In the early 1970's, after I had graduated and begun college teaching, I went to a convention where I chanced to meet the pioneering psychologist Abraham Maslow. Maslow had had the important insight that most psychological theory was based on the study of animals and people with mental illness and learning disabilities; there was no psychology of human healthiness. So, to expand our concept of human nature, for a number of years he studied the potentiality of people to be extremely healthy and productive. As a result, he coined the term "self-actualization" to describe people who seemed to be exceptionally psychologically healthy, and in the process helped give birth to the fields of humanistic and transpersonal psychology to describe the more positive dimensions of consciousness and health.
I told Maslow of my interest in what made people feel deep personal love and concern for nature. He listened and told me two things. The first was that all the self-actualized people he had studied seemed to have a deep reverence for nature and took delight in natural beauty. Then he advised that I should seek out people who seem to have a deep love for nature and from that population perhaps I would learn what made people in general care deeply about the natural world. His advice has inspired some 20 years of research that has included surveys of hundreds of people, numerous interviews, studies of biohistories of committed environmentalists, nearly a decade spent as a psychotherapist, and cross-cultural studies with Native American Indians, Eskimos, Polynesians, Asians and Africans.
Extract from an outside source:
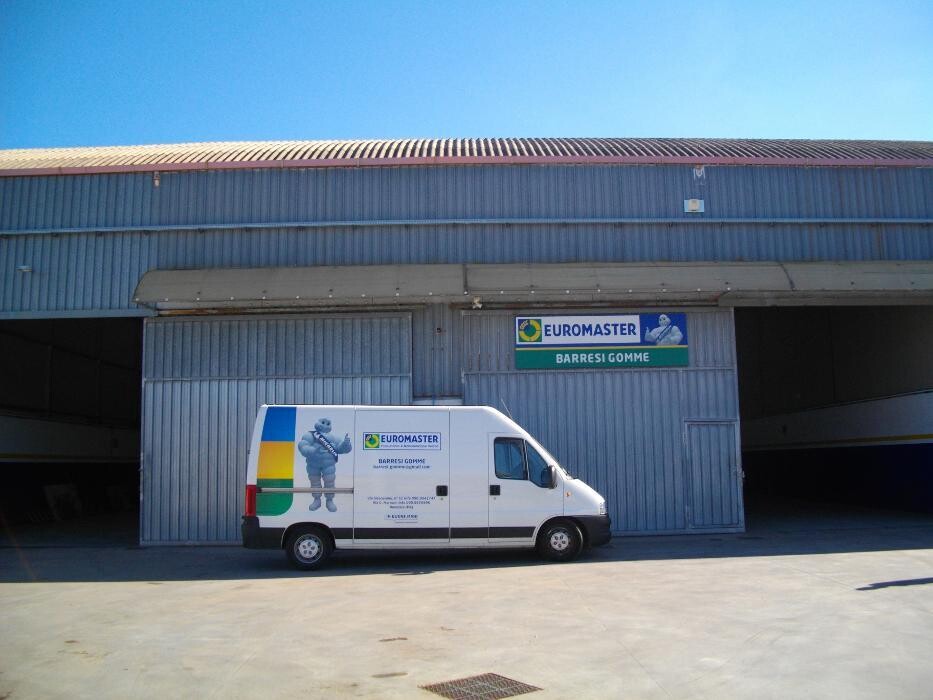 Images Euromaster Barresi Gomme Truck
This diverse research has led to some conclusions about the love of nature and how it is formed, which I will briefly summarize.
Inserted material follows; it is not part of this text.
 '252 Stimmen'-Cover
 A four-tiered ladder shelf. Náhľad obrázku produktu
Pathways to Nature Kinship

The love of nature is something that people write about, talk about, and act upon, but we know precious little about its origins. For some people, protection of nature is a deep and central issue in life, a touchstone of consciousness and commitment that moves them with a passion to make great personal sacrifices and undertake life-long commitments to action. They may take on careers in support of environmental issues, often at lower wages than in other fields. They spend time, money and resources to aid what they feel is the wise use and protection of the ecology of the planet, when they could be doing other things. Some of the names we know well -- Barry Commoner, Rene Dubos, Jacques Cousteau, James Lovelock, Rachel Carson, Robert Rodale, John Muir, Theodore Roosevelt, Henry David Thoreau, and Gifford Pinchot -- are just a few of the modern defenders of nature whose dedication is renown. Many others, like the officers of state and local environmental groups, the people who run local recycling centers and nature centers, organic farmers, and people who spend countless hours with petitions, picking up roadside litter and leading nature hikes are less well known but equally important. My research has sought to identify what common developmental forces seen to have contributed to these people expressing passionate feelings on behalf of the Earth.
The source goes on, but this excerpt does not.